__Dataset records__.
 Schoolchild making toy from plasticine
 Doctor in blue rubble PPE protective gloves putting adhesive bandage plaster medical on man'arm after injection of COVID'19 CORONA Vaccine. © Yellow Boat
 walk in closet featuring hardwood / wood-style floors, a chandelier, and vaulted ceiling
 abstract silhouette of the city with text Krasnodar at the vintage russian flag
==
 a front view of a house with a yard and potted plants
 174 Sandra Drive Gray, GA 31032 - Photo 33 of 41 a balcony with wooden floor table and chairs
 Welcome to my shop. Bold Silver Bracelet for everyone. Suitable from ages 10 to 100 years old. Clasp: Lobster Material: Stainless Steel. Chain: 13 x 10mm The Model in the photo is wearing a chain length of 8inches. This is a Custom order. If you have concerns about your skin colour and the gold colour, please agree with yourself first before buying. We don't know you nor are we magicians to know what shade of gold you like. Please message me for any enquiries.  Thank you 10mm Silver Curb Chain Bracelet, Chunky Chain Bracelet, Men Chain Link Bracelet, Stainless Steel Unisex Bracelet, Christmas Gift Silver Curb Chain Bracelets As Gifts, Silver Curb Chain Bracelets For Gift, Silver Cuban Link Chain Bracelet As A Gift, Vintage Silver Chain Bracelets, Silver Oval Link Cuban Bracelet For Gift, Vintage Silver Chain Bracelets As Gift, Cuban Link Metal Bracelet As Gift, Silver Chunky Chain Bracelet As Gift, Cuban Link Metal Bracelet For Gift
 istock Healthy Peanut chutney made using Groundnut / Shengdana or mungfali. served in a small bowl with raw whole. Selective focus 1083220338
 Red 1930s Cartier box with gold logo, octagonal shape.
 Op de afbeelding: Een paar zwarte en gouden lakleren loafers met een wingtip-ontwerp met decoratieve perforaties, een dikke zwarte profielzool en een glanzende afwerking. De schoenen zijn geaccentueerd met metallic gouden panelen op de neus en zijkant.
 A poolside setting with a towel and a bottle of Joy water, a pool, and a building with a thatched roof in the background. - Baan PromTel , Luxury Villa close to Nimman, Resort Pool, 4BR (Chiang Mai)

__Aim of the exercise__. In the data above, find the line with "Op de afbeelding: Een" and the line with "A poolside setting". Retype both, plus every line between them, exactly.

__Exercise answer__.
 Op de afbeelding: Een paar zwarte en gouden lakleren loafers met een wingtip-ontwerp met decoratieve perforaties, een dikke zwarte profielzool en een glanzende afwerking. De schoenen zijn geaccentueerd met metallic gouden panelen op de neus en zijkant.
 A poolside setting with a towel and a bottle of Joy water, a pool, and a building with a thatched roof in the background. - Baan PromTel , Luxury Villa close to Nimman, Resort Pool, 4BR (Chiang Mai)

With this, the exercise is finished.